Scientists reviewing the waste disposal practices at the National Animal Disease Center in Ames say they are comfortable with procedures currently in place. The NADC?s disposal practices came under scrutiny in May when two employees accused the center of improperly treating waste from animals carrying scrapie and Chronic Wasting Disease.

But Doctor Robert Rohwer with the V-A Medical Center in Baltimore says the complaint stems from a misunderstanding, because the NADC uses different procedures than the National Veterinary Services lab, which is on the same campus.

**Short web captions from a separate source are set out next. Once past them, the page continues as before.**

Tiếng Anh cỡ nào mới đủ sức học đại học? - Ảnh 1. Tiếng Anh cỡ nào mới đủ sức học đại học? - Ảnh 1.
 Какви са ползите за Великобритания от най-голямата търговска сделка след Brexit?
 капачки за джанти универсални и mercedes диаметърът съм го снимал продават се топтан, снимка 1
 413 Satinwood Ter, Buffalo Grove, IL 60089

Rohwer says the operations were “similarly secure” on both sides of the facility even though they were different. On the NADC side, they were not aware of the fact that all liquid waste goes to what Rohwer called a “very impressive” pre-treatment plant that heats the material to 120 degrees for half an hour before it’s discharged to the city’s sanitary sewer system.

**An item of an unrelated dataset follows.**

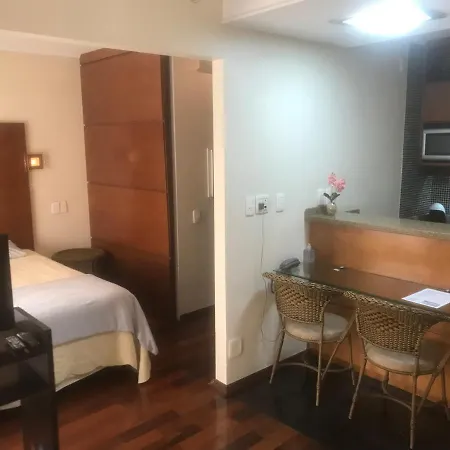 Flat em Hotel de Luxo no Itaim-2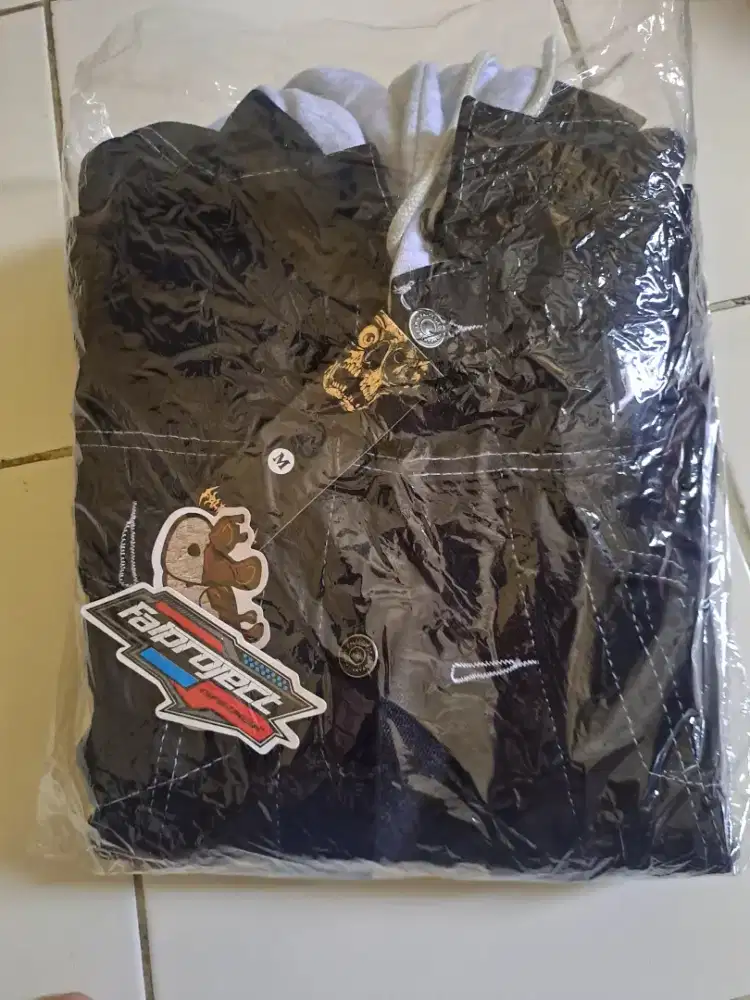 Jual jaket levis perpaduan switer kondisi baru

Rohwer says there should be better communication across the whole campus so this kind of misunderstanding won’t arise in the future. As far as past practices, he says investigators were unanimous in their comfort with them. Ames residents were alarmed by the whistle-blowers’ reports because waste from the animal labs is disposed of directly into the city’s sewer system. Some animals tested there have diseases including those that cause deterioration of the brain in other animals the way Mad Cow affects cattle.